Não há dúvida de que as avaliações genéticas devem ser valorizadas. Mas penso que corremos o risco de errar a mão na busca do desempenho a qualquer custo. Como aconteceu com a pista.
Hoje, o tema interação genótipo-ambiente é uma das linhas de pesquisa importantes no melhoramento dentro das principais universidades como a Unesp/Jaboticabal, onde foram identificados marcadores genômicos específicos para desempenho em pastagens de piores e melhores valores nutricionais.
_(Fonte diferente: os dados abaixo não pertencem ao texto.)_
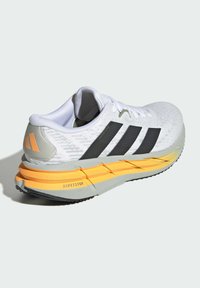 Lightweight white athletic shoe with black stripes, gray and yellow sole, textured upper, and padded collar. Features "REPETITOR" branding.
E é na pesquisa que encontraremos respostas para dúvidas como “Será que existe um Nelore bom para tudo em qualquer ambiente? Ou será que devemos partir para linhagens de especialistas?” Ou “Será que um dia teremos linhagens paternas e maternas que nos tragam vacas de pouca demanda de mantença, mas que, ao mesmo tempo, sejam capazes de desmamar bezerros em elevados percentuais de seu peso?” E que produzam bois capazes de desempenhar bem a pasto ou em confinamento, já que a tendência é serem abatidos bem pesados? Ou seja, a vaca não pode ser grande e a carcaça do boi tem que ter caixa para abrigar mais peso.
Eu, que acompanho rebanhos de ponta na produção de touros melhoradores, fico imaginando quando essa genética irá impactar de vez os rebanhos comerciais…
Futuro promissor.
Não basta o vento...
O vento está muito favorável para a pecuária brasileira e tudo indica que a raça Nelore continuará sendo a grande protagonista dessa história de sucesso. Mas, como na famosa frase do filósofo grego Sêneca (“Se um homem não sabe a que porto se dirige, nenhum vento lhe será favorável”), temos que definir aonde queremos chegar, já que existem conflitos na seleção para alto desempenho e para rusticidade.
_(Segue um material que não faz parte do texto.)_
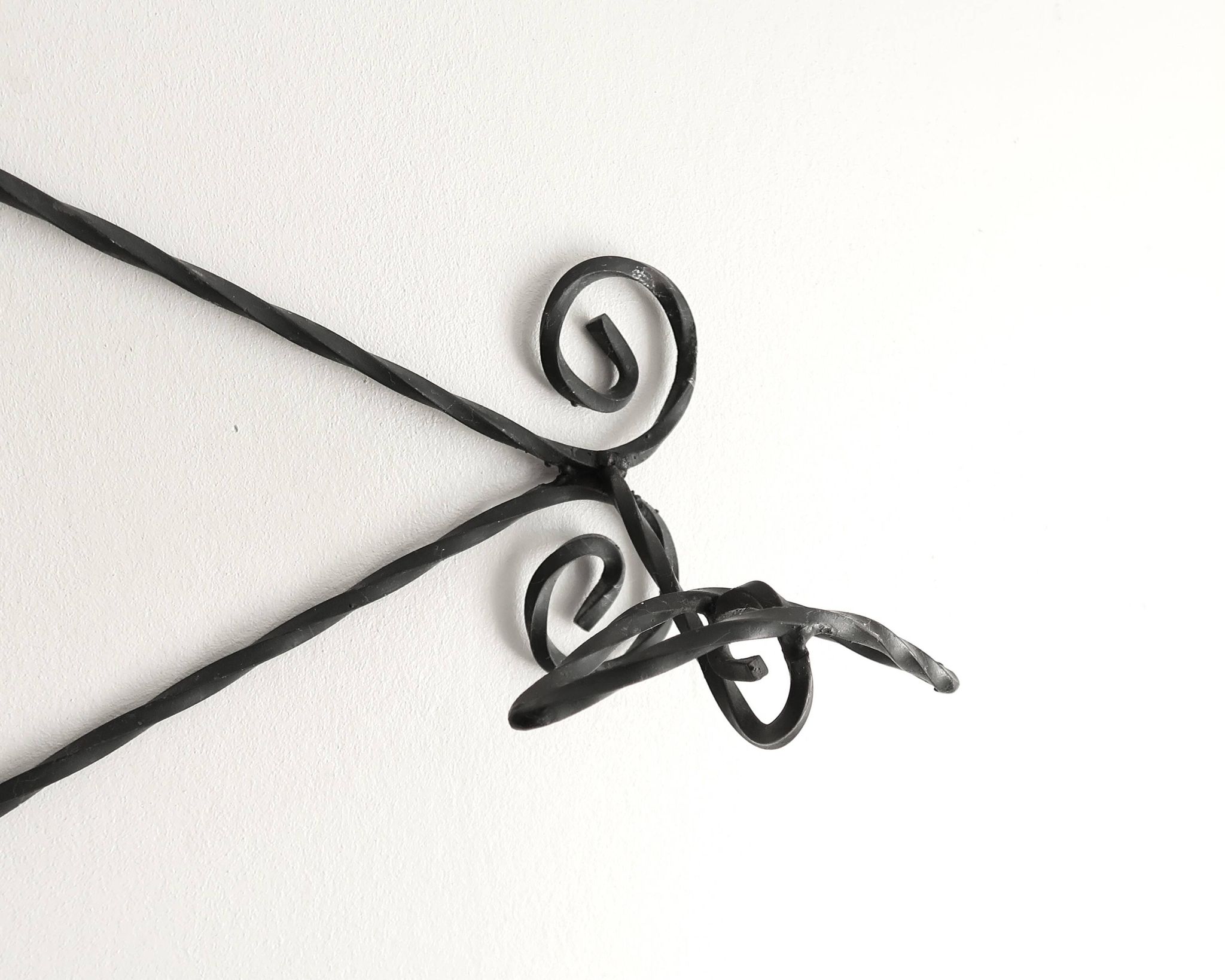 Twisted wrought iron wall coat rack with three hooks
Depois de 50 anos de vida – 25 deles trabalhando como zootecnista –, percebo que, mesmo com ferramentas cada vez mais precisas, a interpretação humana das informações genéticas e a percepção das particularidades ambientais e de mercado são fundamentais para o sucesso na atividade.
Tecnologia é básico e estará cada vez mais disponível, de forma democrática. Mas são as pessoas ‒ com suas habilidades e talentos ‒ que continuarão a fazer a diferença nos resultados e na definição do sucesso das raças e das marcas de gado e de carnes que despontarão neste século XXI.